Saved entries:

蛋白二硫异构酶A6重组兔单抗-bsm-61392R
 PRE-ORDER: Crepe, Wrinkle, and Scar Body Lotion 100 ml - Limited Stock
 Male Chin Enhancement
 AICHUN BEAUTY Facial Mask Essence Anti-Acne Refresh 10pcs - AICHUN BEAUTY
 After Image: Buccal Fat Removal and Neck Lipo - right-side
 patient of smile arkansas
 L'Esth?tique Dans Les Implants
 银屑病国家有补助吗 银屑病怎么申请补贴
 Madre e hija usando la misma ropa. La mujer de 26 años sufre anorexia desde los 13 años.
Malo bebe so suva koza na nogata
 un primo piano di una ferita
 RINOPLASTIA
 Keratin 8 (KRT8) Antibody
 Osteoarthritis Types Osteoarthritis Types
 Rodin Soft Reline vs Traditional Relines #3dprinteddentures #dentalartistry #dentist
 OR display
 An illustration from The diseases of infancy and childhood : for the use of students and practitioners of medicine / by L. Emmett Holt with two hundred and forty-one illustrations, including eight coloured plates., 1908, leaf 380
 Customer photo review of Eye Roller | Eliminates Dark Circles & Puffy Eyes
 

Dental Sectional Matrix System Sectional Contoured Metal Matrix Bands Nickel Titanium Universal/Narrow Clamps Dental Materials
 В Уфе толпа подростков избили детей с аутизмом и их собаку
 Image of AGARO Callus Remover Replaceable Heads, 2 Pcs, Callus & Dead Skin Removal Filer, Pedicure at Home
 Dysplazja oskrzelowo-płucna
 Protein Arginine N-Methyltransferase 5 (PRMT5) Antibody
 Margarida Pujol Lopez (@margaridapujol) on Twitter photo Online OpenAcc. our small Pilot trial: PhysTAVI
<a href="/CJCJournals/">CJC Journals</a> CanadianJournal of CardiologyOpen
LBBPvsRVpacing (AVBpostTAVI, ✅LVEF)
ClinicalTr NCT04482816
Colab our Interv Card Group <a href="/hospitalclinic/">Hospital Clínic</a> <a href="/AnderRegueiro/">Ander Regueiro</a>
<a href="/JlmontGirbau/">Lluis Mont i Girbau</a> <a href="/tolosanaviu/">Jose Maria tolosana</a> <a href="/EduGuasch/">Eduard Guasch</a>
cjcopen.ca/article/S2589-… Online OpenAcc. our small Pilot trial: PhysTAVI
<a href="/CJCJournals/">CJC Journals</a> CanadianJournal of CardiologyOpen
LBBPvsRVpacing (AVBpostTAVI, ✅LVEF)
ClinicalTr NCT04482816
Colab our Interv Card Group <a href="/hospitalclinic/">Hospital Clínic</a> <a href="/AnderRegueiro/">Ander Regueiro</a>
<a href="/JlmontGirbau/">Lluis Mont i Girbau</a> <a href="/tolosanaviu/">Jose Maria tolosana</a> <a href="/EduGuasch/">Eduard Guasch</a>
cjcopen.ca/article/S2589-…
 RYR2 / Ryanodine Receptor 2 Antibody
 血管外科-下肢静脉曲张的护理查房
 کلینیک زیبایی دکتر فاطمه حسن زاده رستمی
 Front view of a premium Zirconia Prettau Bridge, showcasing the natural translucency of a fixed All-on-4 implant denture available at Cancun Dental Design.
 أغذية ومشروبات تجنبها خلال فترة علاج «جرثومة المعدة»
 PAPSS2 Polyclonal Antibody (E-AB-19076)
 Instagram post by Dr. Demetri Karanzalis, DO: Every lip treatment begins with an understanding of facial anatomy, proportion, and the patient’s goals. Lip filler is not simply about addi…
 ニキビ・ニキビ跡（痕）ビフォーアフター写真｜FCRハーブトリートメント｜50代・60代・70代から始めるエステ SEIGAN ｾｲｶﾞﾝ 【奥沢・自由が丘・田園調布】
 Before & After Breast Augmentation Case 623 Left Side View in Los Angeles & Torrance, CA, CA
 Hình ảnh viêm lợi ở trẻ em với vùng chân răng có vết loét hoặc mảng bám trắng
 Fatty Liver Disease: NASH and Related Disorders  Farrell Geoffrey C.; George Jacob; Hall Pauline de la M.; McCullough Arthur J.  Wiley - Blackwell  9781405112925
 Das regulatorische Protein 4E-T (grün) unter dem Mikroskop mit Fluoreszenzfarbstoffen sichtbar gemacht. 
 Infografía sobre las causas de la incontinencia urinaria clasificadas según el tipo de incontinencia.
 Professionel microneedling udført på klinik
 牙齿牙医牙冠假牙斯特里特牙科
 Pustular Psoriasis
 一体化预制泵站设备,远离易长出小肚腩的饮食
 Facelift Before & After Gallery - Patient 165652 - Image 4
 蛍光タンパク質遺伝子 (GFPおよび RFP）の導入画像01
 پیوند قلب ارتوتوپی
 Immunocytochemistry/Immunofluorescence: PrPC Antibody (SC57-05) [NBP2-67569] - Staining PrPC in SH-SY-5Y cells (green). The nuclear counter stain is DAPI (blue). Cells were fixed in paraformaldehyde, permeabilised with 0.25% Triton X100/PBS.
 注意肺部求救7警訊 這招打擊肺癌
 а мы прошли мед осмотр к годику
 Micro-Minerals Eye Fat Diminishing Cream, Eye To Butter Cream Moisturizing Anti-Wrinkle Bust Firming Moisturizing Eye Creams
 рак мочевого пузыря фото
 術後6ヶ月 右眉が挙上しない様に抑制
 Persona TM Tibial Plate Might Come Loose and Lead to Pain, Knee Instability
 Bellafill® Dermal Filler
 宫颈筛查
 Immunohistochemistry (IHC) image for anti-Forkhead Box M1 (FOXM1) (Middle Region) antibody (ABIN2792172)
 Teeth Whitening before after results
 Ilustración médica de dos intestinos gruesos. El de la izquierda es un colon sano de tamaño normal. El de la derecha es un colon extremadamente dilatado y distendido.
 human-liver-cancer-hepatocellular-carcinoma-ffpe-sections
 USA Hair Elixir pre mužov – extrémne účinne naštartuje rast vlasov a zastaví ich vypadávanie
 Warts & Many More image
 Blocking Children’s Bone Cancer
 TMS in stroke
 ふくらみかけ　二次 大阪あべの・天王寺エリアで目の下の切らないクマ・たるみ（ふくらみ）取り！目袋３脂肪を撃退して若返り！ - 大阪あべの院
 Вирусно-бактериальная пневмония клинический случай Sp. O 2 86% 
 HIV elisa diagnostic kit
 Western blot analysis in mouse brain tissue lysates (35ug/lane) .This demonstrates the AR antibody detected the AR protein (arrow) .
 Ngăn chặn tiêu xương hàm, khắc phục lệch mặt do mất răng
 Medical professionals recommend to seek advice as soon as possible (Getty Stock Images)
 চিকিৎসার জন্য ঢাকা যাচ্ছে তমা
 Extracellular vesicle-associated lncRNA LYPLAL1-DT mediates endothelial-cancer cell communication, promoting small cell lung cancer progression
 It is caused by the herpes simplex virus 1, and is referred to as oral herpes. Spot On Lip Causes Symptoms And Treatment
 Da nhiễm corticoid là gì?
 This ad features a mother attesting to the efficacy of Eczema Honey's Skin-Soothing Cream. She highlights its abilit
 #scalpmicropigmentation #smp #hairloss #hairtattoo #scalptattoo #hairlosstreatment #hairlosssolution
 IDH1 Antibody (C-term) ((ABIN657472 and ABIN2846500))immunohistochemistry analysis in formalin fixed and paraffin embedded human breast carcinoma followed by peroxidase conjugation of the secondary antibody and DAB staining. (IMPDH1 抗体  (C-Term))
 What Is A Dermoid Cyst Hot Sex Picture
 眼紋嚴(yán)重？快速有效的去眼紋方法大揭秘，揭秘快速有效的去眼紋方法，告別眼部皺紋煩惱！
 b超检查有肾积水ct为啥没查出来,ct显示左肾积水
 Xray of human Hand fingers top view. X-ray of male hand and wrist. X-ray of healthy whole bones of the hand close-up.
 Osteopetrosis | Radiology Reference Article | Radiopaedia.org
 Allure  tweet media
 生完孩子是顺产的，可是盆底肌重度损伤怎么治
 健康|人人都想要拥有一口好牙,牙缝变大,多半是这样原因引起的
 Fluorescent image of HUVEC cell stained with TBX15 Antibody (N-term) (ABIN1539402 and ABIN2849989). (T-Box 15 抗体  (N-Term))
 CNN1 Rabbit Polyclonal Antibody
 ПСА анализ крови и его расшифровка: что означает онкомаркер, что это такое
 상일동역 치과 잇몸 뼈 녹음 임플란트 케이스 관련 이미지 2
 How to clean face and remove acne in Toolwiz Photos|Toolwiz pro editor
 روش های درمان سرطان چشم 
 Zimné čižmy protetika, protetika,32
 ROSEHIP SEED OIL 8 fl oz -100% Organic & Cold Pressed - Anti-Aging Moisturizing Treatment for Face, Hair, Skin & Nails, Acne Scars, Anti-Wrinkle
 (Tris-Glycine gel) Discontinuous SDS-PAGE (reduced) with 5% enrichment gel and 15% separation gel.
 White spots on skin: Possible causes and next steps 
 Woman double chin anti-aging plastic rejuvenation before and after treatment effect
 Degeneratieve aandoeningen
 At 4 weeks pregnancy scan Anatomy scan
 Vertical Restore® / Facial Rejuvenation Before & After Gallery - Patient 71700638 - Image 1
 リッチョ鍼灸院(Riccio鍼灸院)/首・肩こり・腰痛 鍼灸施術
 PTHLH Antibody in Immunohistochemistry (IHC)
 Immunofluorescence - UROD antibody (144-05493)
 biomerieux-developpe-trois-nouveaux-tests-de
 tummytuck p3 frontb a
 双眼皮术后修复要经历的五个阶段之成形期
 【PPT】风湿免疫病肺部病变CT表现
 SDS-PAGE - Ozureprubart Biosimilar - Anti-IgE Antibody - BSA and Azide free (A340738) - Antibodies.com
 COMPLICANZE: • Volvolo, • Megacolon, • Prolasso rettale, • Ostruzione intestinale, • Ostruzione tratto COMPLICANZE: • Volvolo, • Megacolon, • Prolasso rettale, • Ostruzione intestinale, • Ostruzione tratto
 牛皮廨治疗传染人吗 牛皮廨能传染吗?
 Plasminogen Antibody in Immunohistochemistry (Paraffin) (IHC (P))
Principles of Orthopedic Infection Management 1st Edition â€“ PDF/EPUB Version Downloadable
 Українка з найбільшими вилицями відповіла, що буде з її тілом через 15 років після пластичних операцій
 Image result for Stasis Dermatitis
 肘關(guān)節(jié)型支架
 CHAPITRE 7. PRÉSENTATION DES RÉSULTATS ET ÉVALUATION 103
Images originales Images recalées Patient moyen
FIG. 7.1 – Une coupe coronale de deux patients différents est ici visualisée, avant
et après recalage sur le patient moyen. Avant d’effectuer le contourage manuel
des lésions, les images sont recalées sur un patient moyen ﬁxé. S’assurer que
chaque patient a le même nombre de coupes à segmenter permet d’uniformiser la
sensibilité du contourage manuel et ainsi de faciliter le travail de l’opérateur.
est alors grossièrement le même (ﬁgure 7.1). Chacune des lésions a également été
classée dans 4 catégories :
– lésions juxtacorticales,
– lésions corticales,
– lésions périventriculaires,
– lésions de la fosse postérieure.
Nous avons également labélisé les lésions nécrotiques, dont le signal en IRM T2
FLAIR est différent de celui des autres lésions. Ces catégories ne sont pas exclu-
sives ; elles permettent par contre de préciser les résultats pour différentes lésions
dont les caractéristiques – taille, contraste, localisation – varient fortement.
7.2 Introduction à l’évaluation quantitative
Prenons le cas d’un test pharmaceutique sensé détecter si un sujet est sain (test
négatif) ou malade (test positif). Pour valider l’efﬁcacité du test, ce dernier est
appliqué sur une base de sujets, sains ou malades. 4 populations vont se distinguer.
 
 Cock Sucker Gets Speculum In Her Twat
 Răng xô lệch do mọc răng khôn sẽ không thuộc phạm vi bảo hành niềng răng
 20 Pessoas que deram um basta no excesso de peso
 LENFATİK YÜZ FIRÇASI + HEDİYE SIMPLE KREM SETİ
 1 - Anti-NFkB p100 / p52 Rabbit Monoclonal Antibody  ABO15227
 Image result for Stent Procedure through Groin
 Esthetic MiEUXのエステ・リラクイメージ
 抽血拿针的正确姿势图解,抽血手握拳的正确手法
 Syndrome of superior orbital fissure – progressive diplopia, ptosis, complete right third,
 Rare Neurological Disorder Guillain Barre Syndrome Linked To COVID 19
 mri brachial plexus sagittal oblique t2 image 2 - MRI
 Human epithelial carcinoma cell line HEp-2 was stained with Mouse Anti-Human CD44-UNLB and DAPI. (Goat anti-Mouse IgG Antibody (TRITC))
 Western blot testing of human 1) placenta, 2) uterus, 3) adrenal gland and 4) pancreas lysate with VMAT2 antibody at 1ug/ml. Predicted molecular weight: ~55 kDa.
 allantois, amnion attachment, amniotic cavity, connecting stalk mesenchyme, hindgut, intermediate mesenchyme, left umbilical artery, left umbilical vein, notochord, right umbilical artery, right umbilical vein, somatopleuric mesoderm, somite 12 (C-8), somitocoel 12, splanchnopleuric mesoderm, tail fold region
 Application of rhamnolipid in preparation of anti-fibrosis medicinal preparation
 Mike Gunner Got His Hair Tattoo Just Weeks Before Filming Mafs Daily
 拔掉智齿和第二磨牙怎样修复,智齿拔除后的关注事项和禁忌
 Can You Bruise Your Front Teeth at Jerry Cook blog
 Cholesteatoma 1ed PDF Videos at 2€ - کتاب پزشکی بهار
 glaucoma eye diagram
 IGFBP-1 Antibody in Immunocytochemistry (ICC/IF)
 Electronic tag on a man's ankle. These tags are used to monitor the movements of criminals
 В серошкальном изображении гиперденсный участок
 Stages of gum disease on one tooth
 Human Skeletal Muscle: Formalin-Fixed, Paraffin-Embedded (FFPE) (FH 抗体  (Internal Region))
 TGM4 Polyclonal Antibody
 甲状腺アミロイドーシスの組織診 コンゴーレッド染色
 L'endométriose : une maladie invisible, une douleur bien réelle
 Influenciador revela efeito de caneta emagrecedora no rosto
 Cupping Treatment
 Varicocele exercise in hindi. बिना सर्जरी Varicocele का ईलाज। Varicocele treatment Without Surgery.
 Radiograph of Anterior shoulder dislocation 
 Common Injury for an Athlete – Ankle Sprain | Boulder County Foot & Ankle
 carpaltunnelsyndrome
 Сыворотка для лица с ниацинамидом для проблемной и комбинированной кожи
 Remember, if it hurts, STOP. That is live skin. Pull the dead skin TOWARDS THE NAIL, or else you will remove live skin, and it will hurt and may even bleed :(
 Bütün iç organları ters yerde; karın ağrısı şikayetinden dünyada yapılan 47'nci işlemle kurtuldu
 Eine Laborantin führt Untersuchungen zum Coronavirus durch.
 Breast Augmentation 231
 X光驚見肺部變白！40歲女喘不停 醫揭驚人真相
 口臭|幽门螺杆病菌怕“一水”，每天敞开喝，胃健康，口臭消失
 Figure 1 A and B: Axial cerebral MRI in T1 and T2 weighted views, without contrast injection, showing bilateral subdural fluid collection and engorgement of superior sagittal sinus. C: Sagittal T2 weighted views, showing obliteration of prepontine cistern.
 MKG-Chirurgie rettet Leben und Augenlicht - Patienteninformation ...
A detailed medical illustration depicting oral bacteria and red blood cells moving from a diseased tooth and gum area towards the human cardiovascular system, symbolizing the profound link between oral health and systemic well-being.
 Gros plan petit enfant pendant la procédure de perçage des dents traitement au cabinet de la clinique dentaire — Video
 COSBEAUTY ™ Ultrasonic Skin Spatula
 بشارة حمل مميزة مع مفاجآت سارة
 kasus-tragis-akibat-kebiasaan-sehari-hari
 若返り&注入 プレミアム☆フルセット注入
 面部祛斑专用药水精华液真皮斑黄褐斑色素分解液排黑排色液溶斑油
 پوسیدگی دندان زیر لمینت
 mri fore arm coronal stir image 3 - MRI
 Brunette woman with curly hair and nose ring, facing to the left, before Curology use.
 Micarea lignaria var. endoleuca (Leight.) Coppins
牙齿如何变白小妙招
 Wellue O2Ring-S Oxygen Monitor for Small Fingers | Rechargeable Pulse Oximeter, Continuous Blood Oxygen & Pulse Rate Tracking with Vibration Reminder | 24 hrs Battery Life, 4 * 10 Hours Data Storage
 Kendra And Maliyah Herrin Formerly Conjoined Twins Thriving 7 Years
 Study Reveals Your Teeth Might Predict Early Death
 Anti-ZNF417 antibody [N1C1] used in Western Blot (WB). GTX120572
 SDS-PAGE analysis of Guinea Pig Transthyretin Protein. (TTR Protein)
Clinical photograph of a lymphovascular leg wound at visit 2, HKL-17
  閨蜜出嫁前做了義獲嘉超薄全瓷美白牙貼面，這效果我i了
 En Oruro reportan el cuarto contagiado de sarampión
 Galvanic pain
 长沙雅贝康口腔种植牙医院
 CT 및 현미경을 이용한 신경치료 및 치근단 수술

* **Work instruction**: Match on "lésions": copy every line in the records that has it.

* **Answer**:
des lésions, les images sont recalées sur un patient moyen ﬁxé. S’assurer que
est alors grossièrement le même (ﬁgure 7.1). Chacune des lésions a également été
– lésions juxtacorticales,
– lésions corticales,
– lésions périventriculaires,
– lésions de la fosse postérieure.
Nous avons également labélisé les lésions nécrotiques, dont le signal en IRM T2
FLAIR est différent de celui des autres lésions. Ces catégories ne sont pas exclu-
sives ; elles permettent par contre de préciser les résultats pour différentes lésions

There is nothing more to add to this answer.